(Crawled caption data)
****************************************
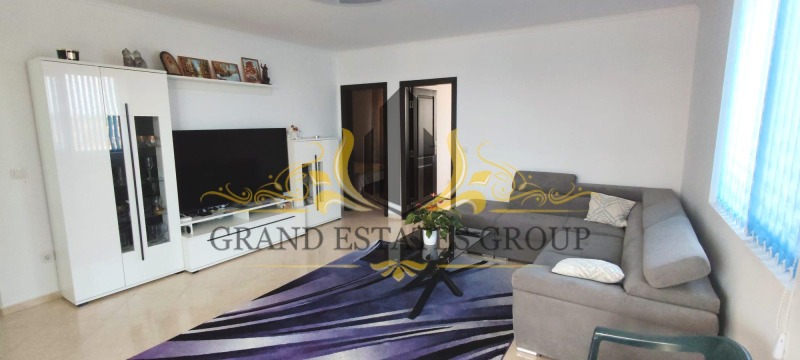 De vânzare  2 dormitoare regiunea Burgas , Aheloi , 92 mp | 80384806 - imagine [5]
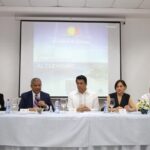 Ministerio de Turismo lanza segunda versión de su Carta Compromiso al Ciudadano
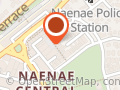 Naenae Cafe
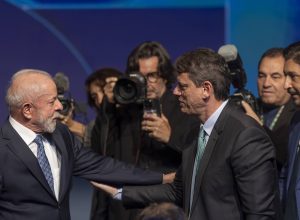 176626862669471ed29fa9f_1766268626_3x2_rt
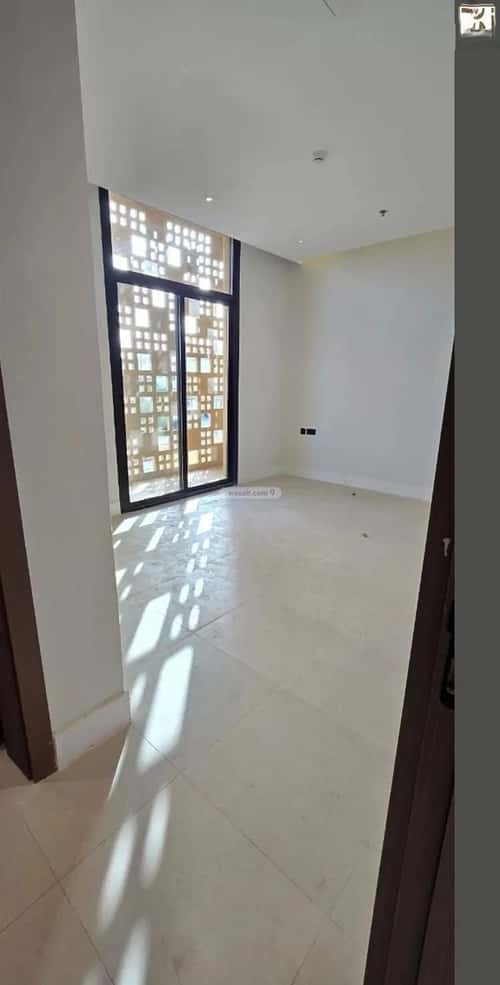 Apartment with 3 Bedrooms Ar-Rawdah, East Riyadh, Riyadh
****************************************
#### [ABOUT THIS TASK]
Restate the records above word for word. Skip every picture.

#### [RESPONSE BELOW]
 De vânzare  2 dormitoare regiunea Burgas , Aheloi , 92 mp | 80384806 - imagine [5]
 Ministerio de Turismo lanza segunda versión de su Carta Compromiso al Ciudadano
 Naenae Cafe
 176626862669471ed29fa9f_1766268626_3x2_rt
 Apartment with 3 Bedrooms Ar-Rawdah, East Riyadh, Riyadh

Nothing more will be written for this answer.